In my childhood years in South Georgia, we celebrated the New Year with collards (green was the color of money, therefore you might become rich), black-eyed peas and country ham. As far as I know, none of my folks had heard the term “Hoppin’ John”; perhaps we were too far back in the country to hear about the traditions of others. Whatever the name, though, the meals were pretty much the same across the culture. Many of our food traditions came from African influences. Some food historians say that Hoppin’ John originated in South Carolina among the slave communities there. Like so many of our traditions, the actual facts get lost in the passing of time. But one thing remains certain: in the South; on New Year’s Day, a majority of us will feast on something similar to Hoppin’John.
There are as many recipes for this New Year standard as there are cooks and chefs and food writers. The recipes have one thing in common: rice and black-eyed peas. Some food writers believe that the meal we eat today cannot compare to the earlier versions, when the rice was of a different quality. In fact, a fairly recent marketing trend offers Carolina Gold Rice, described as “the grandfather of long-grained rice in the Americas” that can be bought on the internet for about $10 per pound — a little pricier than Mahatma or Uncle Ben’s. And there are articles in national newspapers and magazines that suggest this is not a tasty dish and that nothing will improve it. But for those of us who have been raised on it, who love our traditions and will challenge anyone who speaks ill of how we prepare our food, Hoppin’ John is an annual rite of passage into the New Year (eaten, usually, as one watches a football game).
The following recipe is an amalgamation of several, and includes changes I’ve made over the years. Very little in life is set in stone, least of all a recipe for such a dish. So, experiment with it, add to, take from, change around, make it your own. Then one day someone will say “I want it just the way Mama made it”  — though Mama made it differently each year.

Hoppin’ John
2 cups dried black-eyed peas (or dried red field peas, which are used in some traditions)

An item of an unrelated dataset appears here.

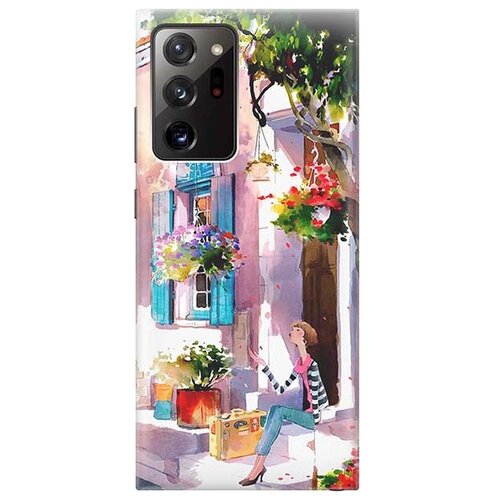 Чехол - накладка ArtColor для Samsung Galaxy Note 20 Ultra с принтом Девочка на цветущей улочке чехол накладка artcolor для xiaomi redmi note 10 pro с принтом девочка на цветущей улочке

½ pound cured salt pork or country ham
1 large onion, finely chopped
2 garlic cloves, minced
¼ teaspoon crushed red pepper
½ teaspoon dried thyme
1 bay leaf
Black pepper to taste
Salt to taste
1 cup long-grained rice, uncooked
1 cup finely chopped green onions (scallions) for garnish
Wash and drain peas, then cover with water and soak overnight. Drain and place in large pot with 3 pints of water. Bring peas to a boil over medium heat; reduce heat to a slow simmer and then cover the pot and simmer for 30 minutes. Add pork, onion, garlic and other seasonings except for salt. Cover the pot and simmer 1 to 2 hours, until the peas are tender. Now taste and correct for salt. If the pork was very salty you may not need to add more salt. Use your judgment.  Place two cups of the pea broth in a separate pot and bring to boil over medium heat. Add the rice, bring it to a boil, reduce heat, cover the rice and follow package directions for cooking time (usually 15 to 20 minutes). When the rice is ready, drain the broth from the peas but do not discard yet. Fluff the rice with a fork and gently mix in the peas, tossing them with a fork rather than stirring with a spoon. If the mixture is a little dry, add a bit of the reserved broth, but be careful, a spoonful or two should be plenty. Serve in bowls with a few green onions sprinkled on top and perhaps with a small piece of pork added to each serving. Have pepper sauce and/or Tabasco available for those who prefer a bit more heat. Add a piece of that cornbread you’ve been baking in the oven while the rice was cooking. Now pause, give thanks for a new year, for food to eat, for loved ones with whom you are sharing it. Don’t look back. 2018 has arrived.